(Recorded data)
==*==
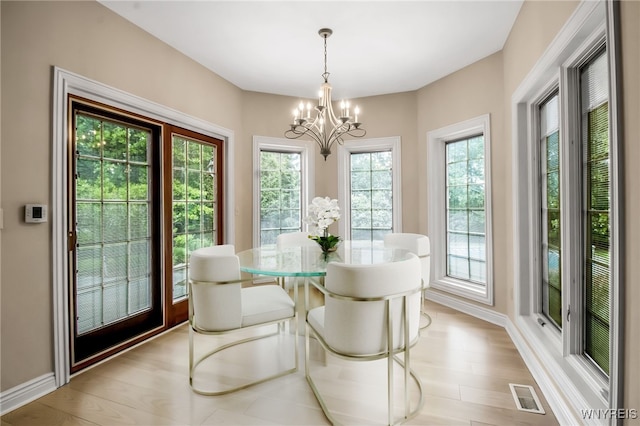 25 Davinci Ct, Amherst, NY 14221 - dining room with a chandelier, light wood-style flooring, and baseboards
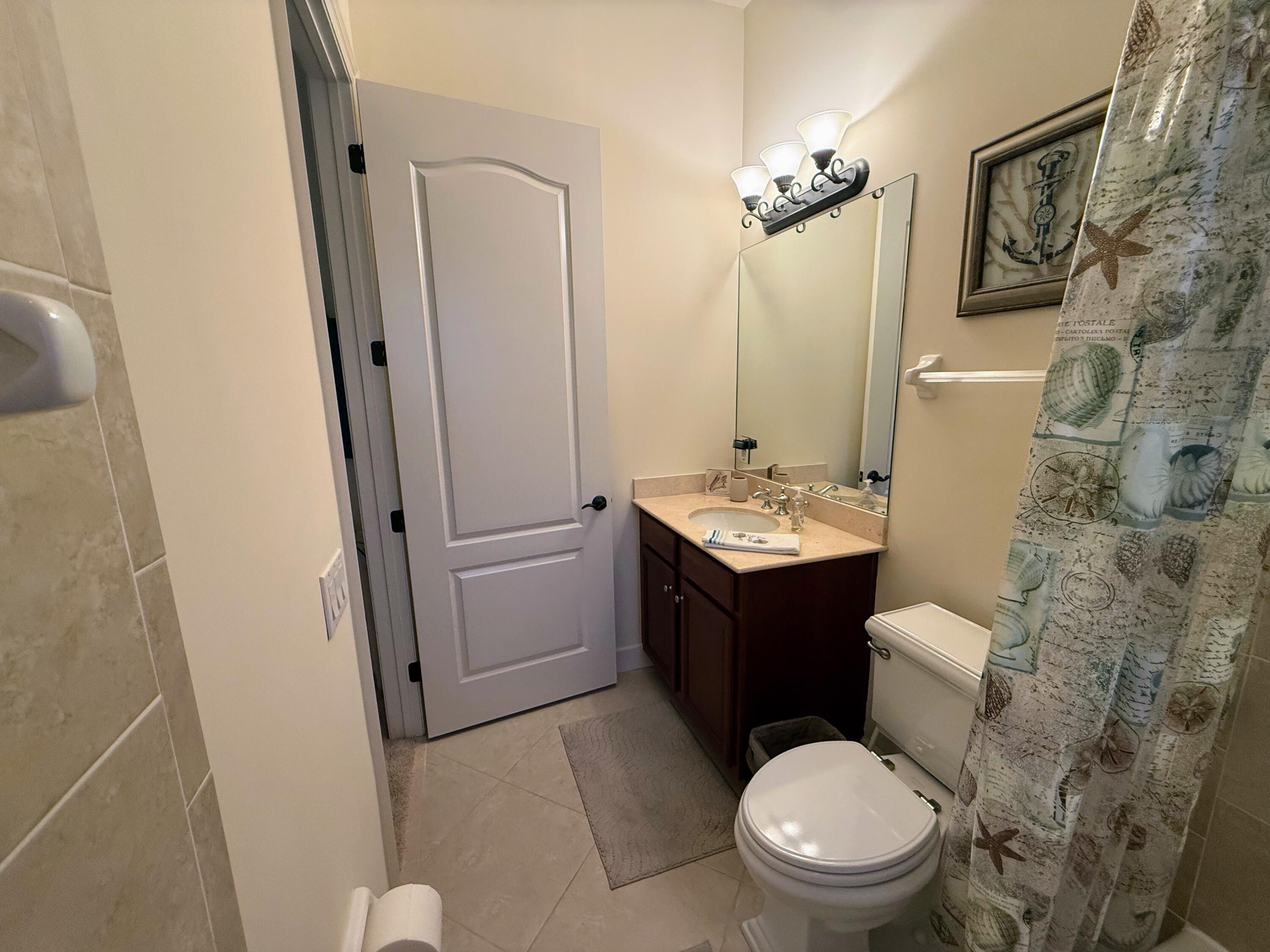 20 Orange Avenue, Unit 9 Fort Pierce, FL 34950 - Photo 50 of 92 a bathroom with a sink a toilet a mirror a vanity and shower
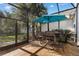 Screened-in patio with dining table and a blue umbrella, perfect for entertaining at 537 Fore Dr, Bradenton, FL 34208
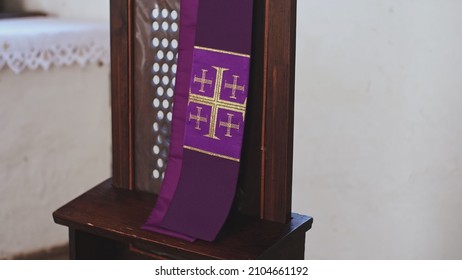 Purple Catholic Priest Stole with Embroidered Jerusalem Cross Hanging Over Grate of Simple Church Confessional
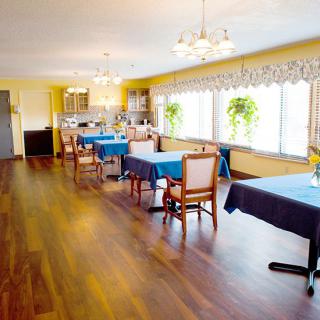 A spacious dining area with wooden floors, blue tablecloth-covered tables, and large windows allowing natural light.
==*==
▸ Exercise: Set down every line of the entries above again, exactly as written, but not the pictures.

▸ Task answer:
 25 Davinci Ct, Amherst, NY 14221 - dining room with a chandelier, light wood-style flooring, and baseboards
 20 Orange Avenue, Unit 9 Fort Pierce, FL 34950 - Photo 50 of 92 a bathroom with a sink a toilet a mirror a vanity and shower
 Screened-in patio with dining table and a blue umbrella, perfect for entertaining at 537 Fore Dr, Bradenton, FL 34208
 Purple Catholic Priest Stole with Embroidered Jerusalem Cross Hanging Over Grate of Simple Church Confessional
 A spacious dining area with wooden floors, blue tablecloth-covered tables, and large windows allowing natural light.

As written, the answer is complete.